To estimate the mean of a normally distributed population, use the arithmetic average of 
a random sample that is taken from the population. Non-normal distributions also often 
use the average of a random sample to estimate the mean. If your data is not normally 
distributed, you might want to consult a statistician because another statistic might be 
better. 

The sample average gives a point estimate of the population mean. The sample average 
gives one number, or point, to estimate the mean. The sample size and the population 
variance both affect the precision of this point estimate. Generally, larger samples 
produce more precise estimates, or produce estimates closer to the true unknown 
population mean. In general, samples from a population with a small variance produce 
more precise estimates than samples from a population with a large variance. Sample size 
and population variance interact. Large samples from a population with a small variance 
are likely to produce the most precise estimates. The next two sections describe the effect 
of sample size and population variance. 


Effect of Sample Size 

Suppose you want to estimate the average monthly starting salary of recently graduated 
male software quality engineers in the United States.
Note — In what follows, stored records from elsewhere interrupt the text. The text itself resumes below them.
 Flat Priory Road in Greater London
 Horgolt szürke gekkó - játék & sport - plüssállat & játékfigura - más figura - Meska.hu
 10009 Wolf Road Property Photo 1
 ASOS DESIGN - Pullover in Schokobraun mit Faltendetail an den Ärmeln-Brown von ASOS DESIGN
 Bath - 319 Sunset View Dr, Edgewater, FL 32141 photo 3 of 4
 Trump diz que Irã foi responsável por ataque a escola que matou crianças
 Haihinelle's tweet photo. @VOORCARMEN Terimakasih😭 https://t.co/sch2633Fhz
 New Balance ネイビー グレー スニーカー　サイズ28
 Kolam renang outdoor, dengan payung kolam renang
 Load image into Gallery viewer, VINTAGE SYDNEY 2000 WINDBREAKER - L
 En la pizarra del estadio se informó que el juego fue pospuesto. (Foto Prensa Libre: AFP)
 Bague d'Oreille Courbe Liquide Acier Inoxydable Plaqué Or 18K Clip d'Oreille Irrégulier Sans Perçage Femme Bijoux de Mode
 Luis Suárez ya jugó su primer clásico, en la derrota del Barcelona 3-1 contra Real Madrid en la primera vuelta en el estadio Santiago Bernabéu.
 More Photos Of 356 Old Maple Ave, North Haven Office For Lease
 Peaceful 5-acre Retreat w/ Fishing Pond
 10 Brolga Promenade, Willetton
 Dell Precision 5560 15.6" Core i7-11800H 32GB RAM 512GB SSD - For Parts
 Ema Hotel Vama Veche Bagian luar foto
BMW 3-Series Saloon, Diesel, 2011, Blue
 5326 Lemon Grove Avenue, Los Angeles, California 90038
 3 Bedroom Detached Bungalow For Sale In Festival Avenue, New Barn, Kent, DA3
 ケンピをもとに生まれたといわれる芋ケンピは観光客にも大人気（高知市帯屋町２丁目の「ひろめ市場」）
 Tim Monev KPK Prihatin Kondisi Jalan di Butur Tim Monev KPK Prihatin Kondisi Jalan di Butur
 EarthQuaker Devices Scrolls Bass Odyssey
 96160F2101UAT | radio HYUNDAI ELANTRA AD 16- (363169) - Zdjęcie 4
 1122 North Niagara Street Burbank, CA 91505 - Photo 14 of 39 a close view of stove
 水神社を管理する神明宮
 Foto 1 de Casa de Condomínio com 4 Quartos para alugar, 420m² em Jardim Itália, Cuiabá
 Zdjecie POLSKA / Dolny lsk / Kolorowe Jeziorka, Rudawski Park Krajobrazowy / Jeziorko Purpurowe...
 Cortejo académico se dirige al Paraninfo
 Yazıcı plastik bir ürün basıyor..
You cannot collect the salaries of 
every recent male graduate in the United States, so you take a random sample of salaries 
and use the sample values to calculate the average monthly starting salary. This average 
is an estimate of the population mean. How close do you think the sample average is to 
the population mean? One way to answer this question is to take many samples, and then 
compute the average for each sample. This collection of sample averages will cluster 
around the population mean. If you knew what the population mean actually was, you 
could examine the collection to see how closely the sample averages are clustered around 
the mean. 

In this salary example, suppose you could take 200 samples. How would the averages for 
the different samples vary? The rest of this section explores the effect of different sample 
sizes on the sample averages. This section uses simulation, which is the process of using 
the computer to generate data, and then exploring the data to understand concepts. 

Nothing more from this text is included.